GOAL OF THE EXERCISE » Reproduce, with no edits, the line that contains "Fecolcesto La selección" and all the lines that follow it, ending with the last line of the records.

BEGIN TASK INPUTS

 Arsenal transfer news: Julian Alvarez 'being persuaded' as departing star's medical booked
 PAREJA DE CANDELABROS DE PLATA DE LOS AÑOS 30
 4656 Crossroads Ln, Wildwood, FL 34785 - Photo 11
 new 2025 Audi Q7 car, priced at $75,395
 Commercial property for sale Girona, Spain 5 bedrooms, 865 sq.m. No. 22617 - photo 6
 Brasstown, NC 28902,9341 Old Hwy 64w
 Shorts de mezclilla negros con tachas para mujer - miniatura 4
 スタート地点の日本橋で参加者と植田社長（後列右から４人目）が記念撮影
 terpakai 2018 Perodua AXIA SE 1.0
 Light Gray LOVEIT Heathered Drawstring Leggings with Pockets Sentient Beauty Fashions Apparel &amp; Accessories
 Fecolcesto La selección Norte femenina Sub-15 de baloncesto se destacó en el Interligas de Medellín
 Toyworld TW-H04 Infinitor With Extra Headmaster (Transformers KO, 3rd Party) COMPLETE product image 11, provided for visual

END TASK INPUTS

SOLVED EXERCISE »
 Fecolcesto La selección Norte femenina Sub-15 de baloncesto se destacó en el Interligas de Medellín
 Toyworld TW-H04 Infinitor With Extra Headmaster (Transformers KO, 3rd Party) COMPLETE product image 11, provided for visual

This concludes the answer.